Türkiye, bulunduğu konum itibarıyla Suriye merkezli yaşanan bölgedeki krizden en çok nasibini alan ülke. İkili ilişkilerdeki çatlaklar Suriye politikası konusunda yaşanan anlaşmazlıklardan kaynaklanıyor.
“Türkiye’nin son dönemlerde sahiplendiği olaylara, kefil olduğu ülkelere, kalkan olduğu örgütlere bir bakın; hepsi sorunlu” diyor Orta Doğu uzmanı Fehim Taştekin de ve ekliyor:
“Bu tablo Türkiye’nin üzerine yapışan kötücül etiketin iyice oturmasına hizmet ediyor.”
Her ne kadar sonradan düzeltme yapılsa da, Aralık 2017’de, ABD Ulusal Güvenlik Danışmanı Herbert Raymond McMaster’ın “Türkiye ve Katar radikal ideolojilerin yeni sponsorları” sözleri hafızalarda tazeliğini koruyor.
Türkiye bu etiketi, Suriye’de selefi-cihatçı örgütlere sürdürdüğü destekle kazandı. Ve tabii her koşulda Mısır’dan Suriye’ye, Tunus’tan Libya’ya kadar geniş bir alanda Müslüman Kardeşler’in hamisi kesilmesinin payı da büyük.
İktidara yakın en büyük medya olarak bilinen Sabah gazetesinin başyazarı Mehmet Barlas, biraz daha ileri giderek “Suriye’de ‘Muhalif gruplar’ diye terör örgütlerine verdiğimiz destekle hata yaptık” demişti yakın zamanda.
Taştekin, son dönemde Pakistan’la yakınlaşmaya da dikkat çekerek, “Pakistan bugün Türkiye’nin Suriye’de yaptığına benzer şekilde Afganistan’da yıllarca CIA’in aklı ve Suud’un parasıyla ‘cihatçı alternatifi’ destekledi” ifadesini kullanıyor.

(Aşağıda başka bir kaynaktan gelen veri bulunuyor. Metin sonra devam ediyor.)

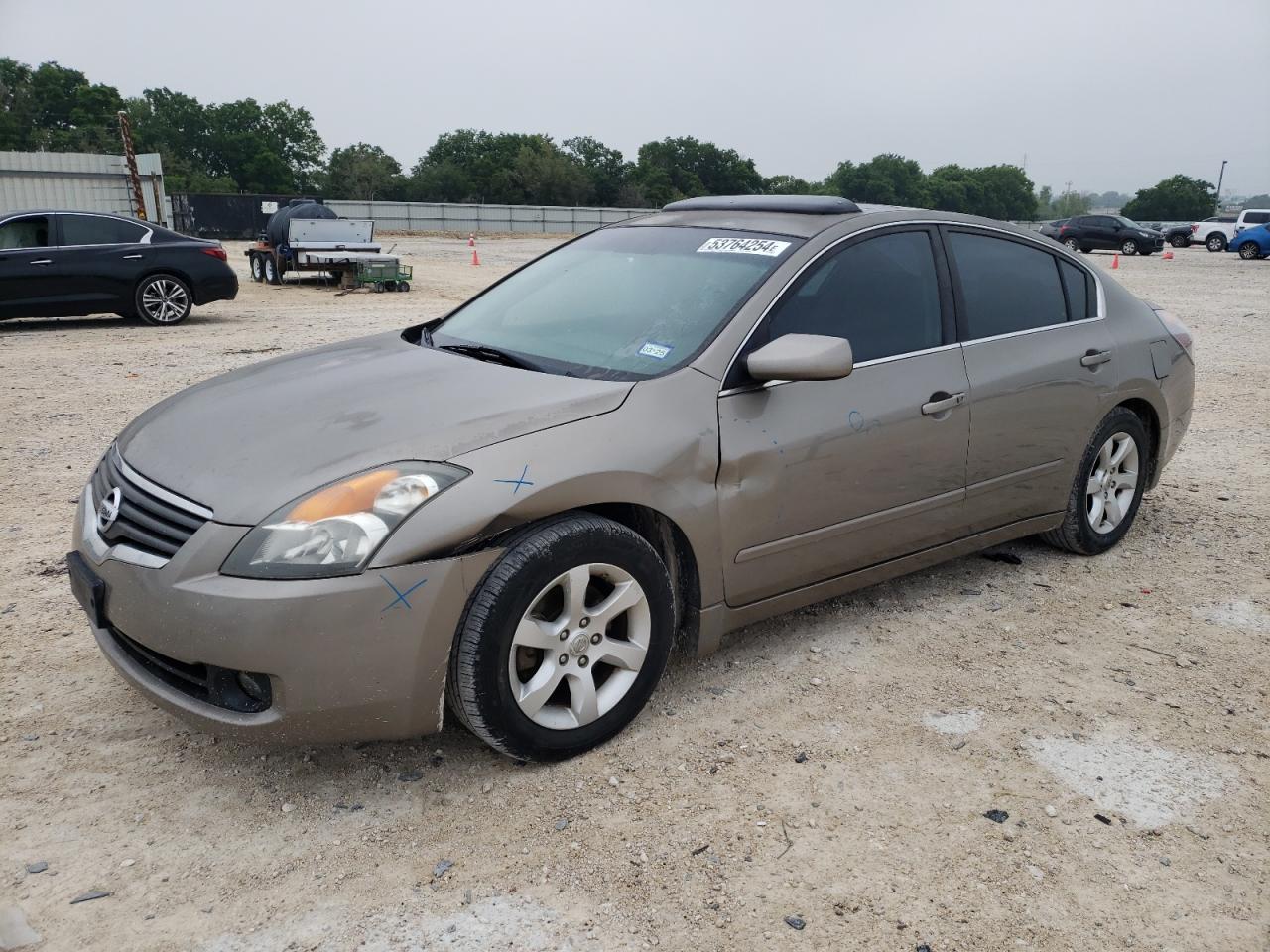 1N4AL21E57C168703 2007 Nissan Altima 2.5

Ancak şimdi gelinen noktada ABD’nin Pakistan’a yardımları kesme tehditleri savurması ve terörle ilişkilendirmesini hatırlatıyor Taştekin ve “Bu örnekler Türkiye için neden önemli?” sorusuna cevap arıyor:
“Aynı ahlaksız senaryo Suriye’de tekrarlanıyor. ABD, IŞİD ve Nusra gibi örgütleri palazlandıran sürecin ana kumandasındayken şimdi faturayı yeni Osmanlı hayalleriyle ‘yataklık’ misyonunu büyük bir hararetle üslenmiş olan Türkiye’ye kesmeye çalışıyor. Sanırım Erdoğan, Pakistan’a bakıp Türkiye’nin geleceğini, Beşir’e bakıp kendi kaderini görüyor. O yüzden çekilmek ya da sıkı bir muhasebeyle hatalardan dönmek yerine yaklaşmakta olan son sahneye savaşarak gitmeye çalışıyor. Elbette bunun içerideki seçim hesaplarıyla da doğrudan ilgisi var.”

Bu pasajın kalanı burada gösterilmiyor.